Master Engineer Brighteye intends to go to war to see to it her warmachines are used properly and to bust some Meargh heads for breaking her contraptions, and she has the money to make sure of it, that much is certain. Not the pedigree to cut in front of everybody else also looking to commission Runesmiths before the next campaign against the Fimir begins in earnest, however. She could beef up something with Gromril, and Stone, and Iron...or she can do one better. So the Engineer had given her just about everything she'd asked for. Reagents scarce for anyone without the pocket book of Snorri, and the Master Engineer had seen fit to give her just about any she could ask for. A substitution that was more than adequate, given everything.
She'll be coming back right as rain alright, that much Jolla intends to make damn well sure of.
--
Snowhide has brought her Dragon Lung, taken from the body of an appreciably old Elder Wyrm, one of the Black Dragons--it smells of acrid poison and contempt, not entirely unlike most of the Longbeards she knows. She'd asked her for "Some means of making the cowards come out and fight rather than making me try and pin them down" and Siggrun, Siggrun has some ideas for that.
She's a simple woman, she knows. But there are times when simplicity is a virtue.
An arm ring of battle. Something to make her friend fight like the dickens. Master Rune of Challenge, obviously, to draw the enemy out and then something to make Snowhide a good, solid, superior fighter so she doesn't end up in over her head. Now if it were a dwarf asking for it, things would be blessedly straightforward, she could just use the Ancestor Runes of, say, Grimnir and Valaya for a good mix between offense and defense, perhaps Grimnir and Gazul to emphasize killing or Valaya and Grungni for endurance or even Valaya and Thungni for wizard hunting. But it seems a bit odd to toss Runes of her Ancestors onto her friend, who has her own perfectly good Ancestor, doesn't it?
(Not that she'd ever judge somebody for doing it, honest, the job does have practical demands as much as it does artistic ones and the Brana don't particularly seem to care.)
So perhaps then, something to draw up the natural gorm of her friend, her slighted honor, her deep and abiding contempt for the things of Chaos and all those who kneel in subjugation to it. Her natural temper, and her natural rage, normally so constrained on the grounds of everybody else's safety...unleashed?
She looks at all the reagents she has gathered over her career, not terribly long in the grand scope of things but...long enough. More than long enough, for her purposes. For this thing.
She smiles.
It is not a friendly smile.
--
The Troll Hide has been surprisingly easy to work on, all things considered. The pale white leather takes his paint as easily as a dwarf to ale to be honest, as his will guides his hand and his hand guides his brush.
This is meant for a purpose to be sure.
But it also has to be art, and so he gladly turns himself to that end, painting onto the fluttering leather. He does not compare himself to Siggrun, to Bardin, to Solveg or to the others, for once he allows himself to turn off that, to look away from that and instead look towards what he sees in his mind, because it is not a question of being better than them, he picked banners for a reason after all. None of the others touch the things, perhaps out of some pity (or is that sympathy, or respect, or disinterested and they did not even notice) and so right now, right now he can just focus on making it the best he can.
For that's all he can do.
He paints on, stopping the wool gathering to do his job instead. Three enemies of Kraka Drak, now righteously dead. The head of Kholek Sun-Eater, grim, eyes black in death while the rest is a vivid, impossible to miss red, to the right. The Greedy One, a miasmic blue like opal that shimmers thanks to that self-same rock crushed then stirred into the paint, eyes black. Haruzrildrakk in the silver of Gromril, eyes black, eyes dead. Underneath, the weapons of each who killed them: Trollslayer. Zharrgal. Dal-Grund. All surrounded by hard, angular golden knotwork, arrayed horizontally. The pole, of Wutroth, has been shaped to look like an elder hefting an ax.

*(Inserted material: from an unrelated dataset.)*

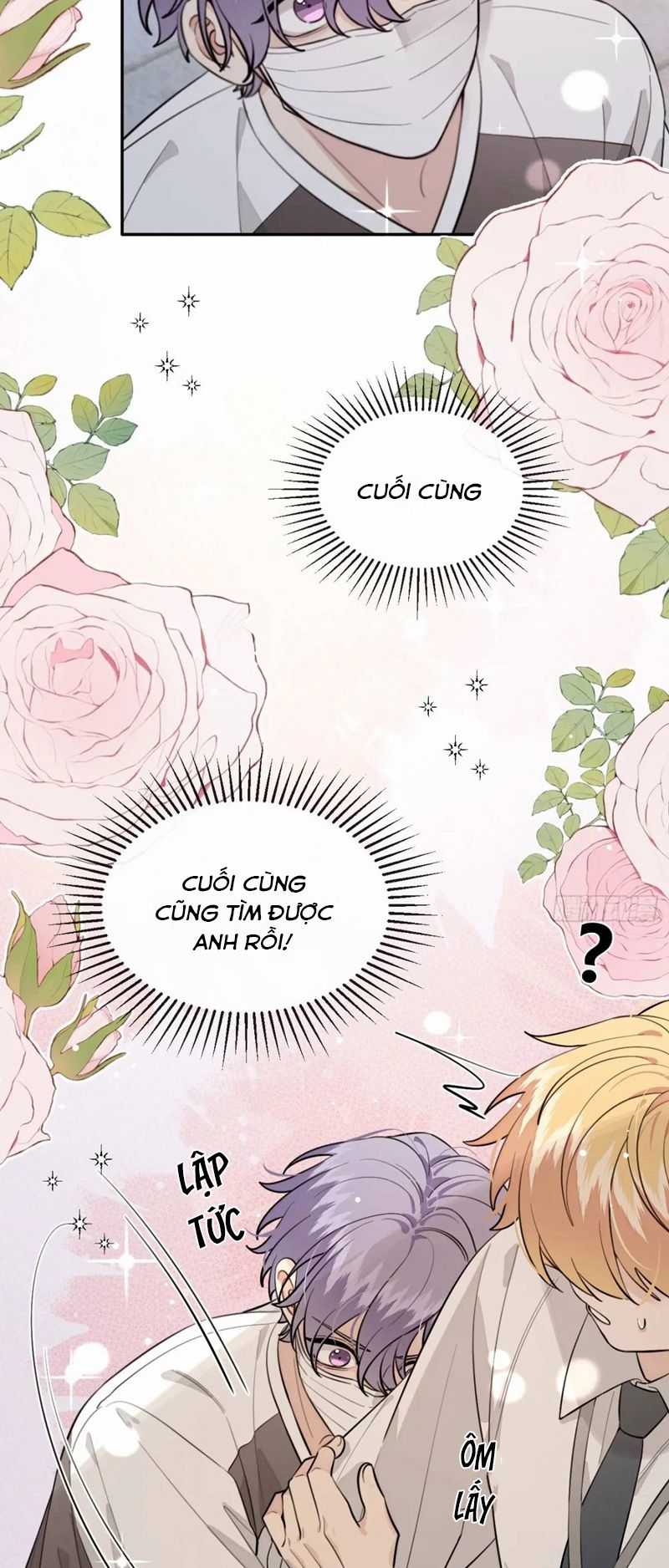 Chó Lớn Bắt Nạt Chủ - Chapter 67 - Trang 4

The message, the promise, the threat, is clear. It would be bait, a trap, even without the Runes to attach; but with them, it will be like ale for a dwarf.
Are you strong enough?
Aye, that will do it.
--
The armor, at least, is complete. The Troll Hide has been hardened and cut into leather scales then laced together with the sinew, not entirely unlike the usual gromril but still light enough to let Forgebright fly while still offering appreciable protection, particularly when it can be reinforced with haste: better to ensure you can endure the blows, of course, but it would be a flagrant lie to act like much has a particularly good chance of hitting the Silverbearer until and unless said Silverbearer deigns to allow it. A breastplate shined to a mirror polish, and a helmet with a curving horn, also bright and shiny, glint in the forgelight, the only really hard components. He's left sword ribs, spear ribs, other, simple measures to keep the enemy's blows from skewering his client lined about the way.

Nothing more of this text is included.